Sur cet espace central sans rideau, comme une arène où la pauvre Cio-Cio-San sera sacrifiée, la mise en scène de Nicolas Joel, adaptée pour l’occasion, fait entrer les personnages par la salle et les gradins – sauf Suzuki, véritable pilier de la maison de carton au bord de l’eau. Par deux fois, l’effet est saisissant : pour l’arrivée de la geisha parmi les jeunes filles (premier acte) et pour l’apparition du bonze.

Si le Pinkerton du ténor italien Marco Berti est relativement bien mené, avec puissance et des aigus fulgurants, le chant manque en général de nuances et le jeu s’avère privé de finesse. Je dis bien lejeu : certes, le personnage n’est pas fin, mais il faut une certaine finesse pour l’exprimer. Si le lieutenant est suffisant, imbu de lui-même, assez antipathique, il désire vraiment la jeune fille dont il admire sincèrement les grâces ; aussi est-il mal venu de le montrer si cordialement froid et oisif.

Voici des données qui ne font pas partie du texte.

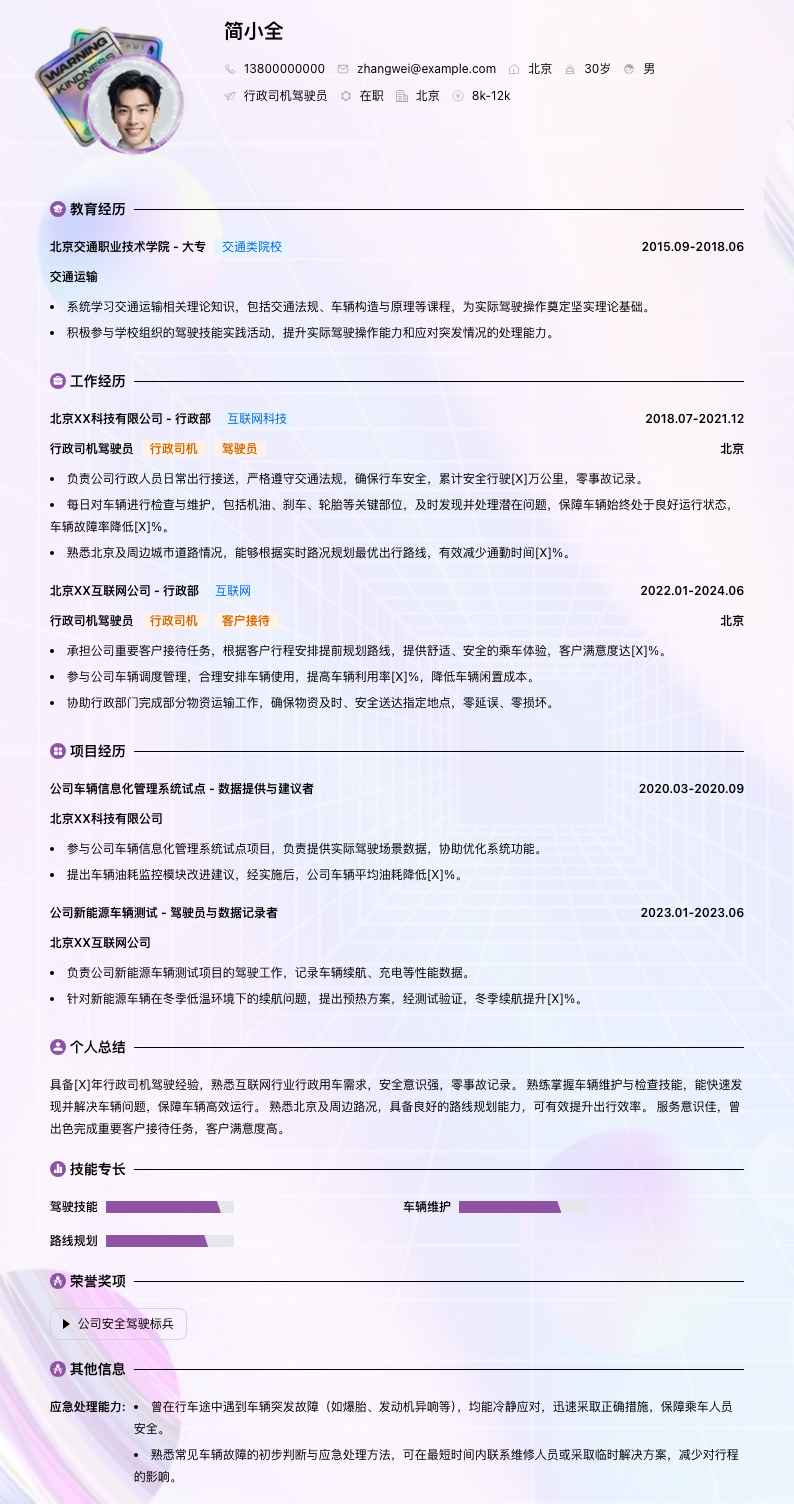 行政司机驾驶员简历模板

Jean-Luc Chaignaud livre un Sharpless au timbre chaleureux mais souvent confidentiel, totalement couvert dès que l’orchestre s’enflamme. En revanche, le personnage du Consul se montre parfaitement crédible. Jean-Pierre Lautré compose un Goro plus vrai que nature, servile, malin et perfide, servi par un timbre un rien nasillard qui correspond bien au rôle. On retrouve Nicolas Courjal en bonze, offrant un chant irréprochable et bien projeté, mais une présence trop gesticulante. Niang Liang est une Suzuki attachante et honorable.

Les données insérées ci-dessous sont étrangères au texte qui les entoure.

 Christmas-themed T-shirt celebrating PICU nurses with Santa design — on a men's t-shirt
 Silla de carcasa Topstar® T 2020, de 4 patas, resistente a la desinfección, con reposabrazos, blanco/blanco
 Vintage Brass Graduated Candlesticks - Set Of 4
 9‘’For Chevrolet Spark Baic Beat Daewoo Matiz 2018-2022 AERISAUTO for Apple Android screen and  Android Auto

Le grand choc de la représentation demeure incontestablement la prestation du soprano chilien Veronica Villaroel dans le rôle-titre. Avec une voix non dépourvue de graves bien assis, large dans toute la tessiture, un timbre fort souple qui lui permet de discrètement infantiliser le caractère dans le premier acte et de révéler une force dramatique immense par la suite, l’artiste donne une Butterfly exceptionnelle, magnifiquement chantée et jouée, mue par une vie et une émotion permanentes. Il n’est pas une phrase, un mot, une note, un soupir, qui ne soit senti. Peu à peu, on oublie la scène, son fauteuil, l’artifice : l’émotion prend toute sa place. Le public est suspendu au moindre de ses gestes, de ses regards, jusqu’aux derniers moments qui deviennent insupportables de vérité. Pas de pathos, de surenchère, d’excès gratuit et superficiel : la douleur de Butterfly est réellement là et, progressivement, pénètre. Au troisième acte, pas la moindre toux dans les gradins, pas un souffle, pas un geste : chacun souffre, attend comme elle ou retient ses larmes. La voix de Veronica Villaroel engage son jeu qui lui-même nourrit sa voix, dans un perpétuel échange qui va crescendo jusqu’à une parfaite symbiose entre forme et fond, technique et émotion – il n’est pas indifférent que le soprano ait été l’élève de Renata Scotto qui fut elle-même une Butterfly déchirante, et sans doute la plus belle de l’histoire du disque.

Lorsque la lumière revient, la voilà chaleureusement acclamée par une partie du public reconnaissant, tandis que l’autre se réfugie dans son mouchoir.